====== INPUT DATA ======

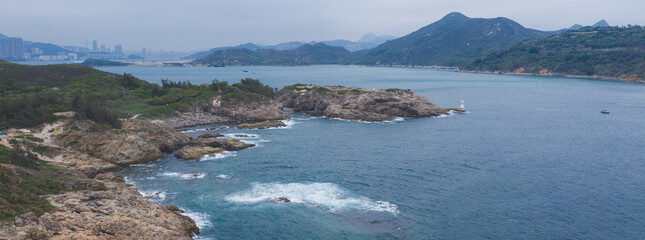 Poster - Mesmerizing view of beautiful rocky coastline with mountains in the background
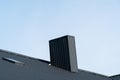 Black roofing of metal profile wavy shape. Roof with a skylight and a chimney Royalty Free Stock Photo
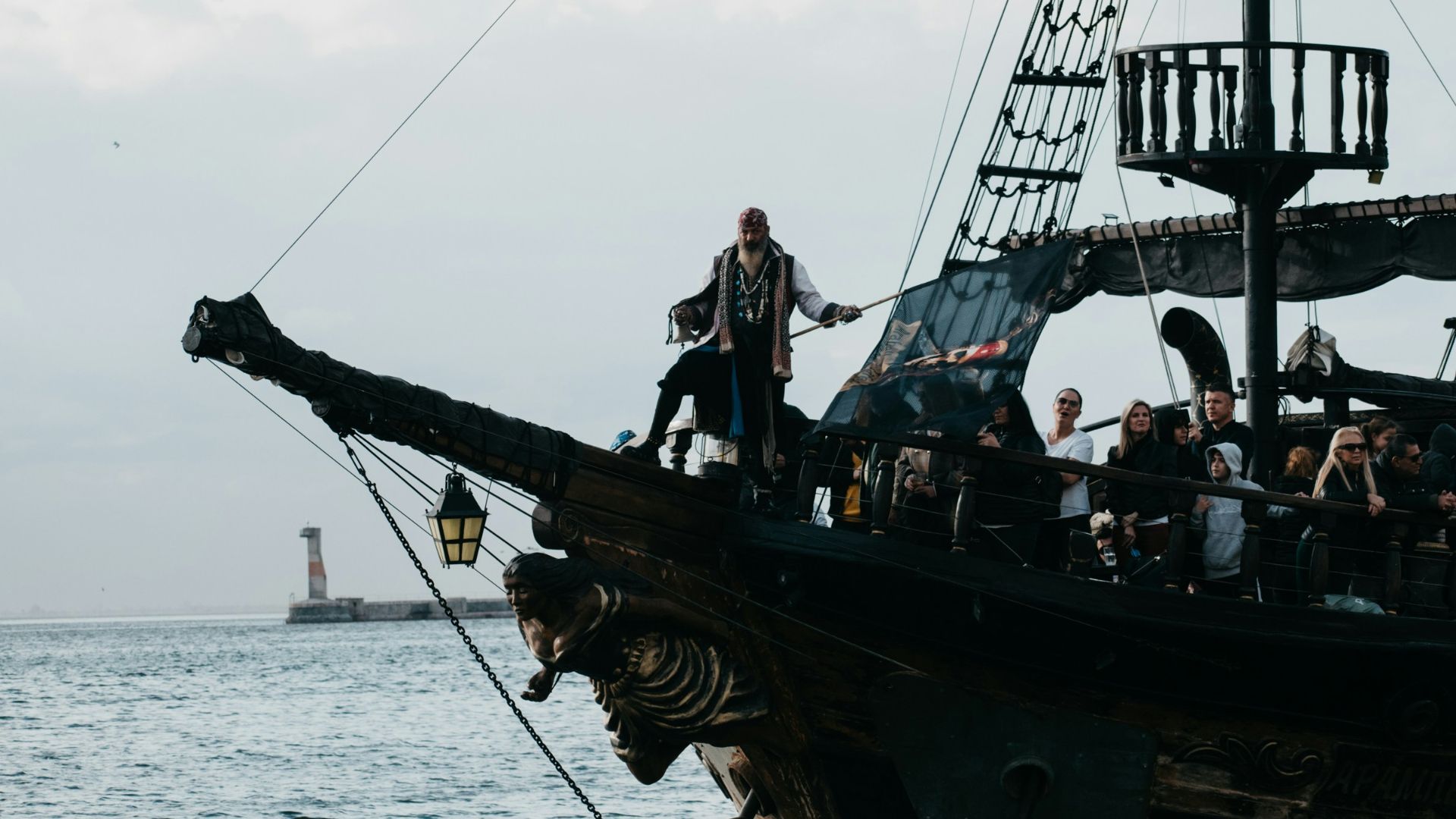 a group of people standing on top of a pirate ship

======

_WORK REQUIRED_
Pictures stay out; everything else in the listing above is to be repeated exactly.

_RESULT OF THIS TASK_
 Poster - Mesmerizing view of beautiful rocky coastline with mountains in the background
 Black roofing of metal profile wavy shape. Roof with a skylight and a chimney Royalty Free Stock Photo
 a group of people standing on top of a pirate ship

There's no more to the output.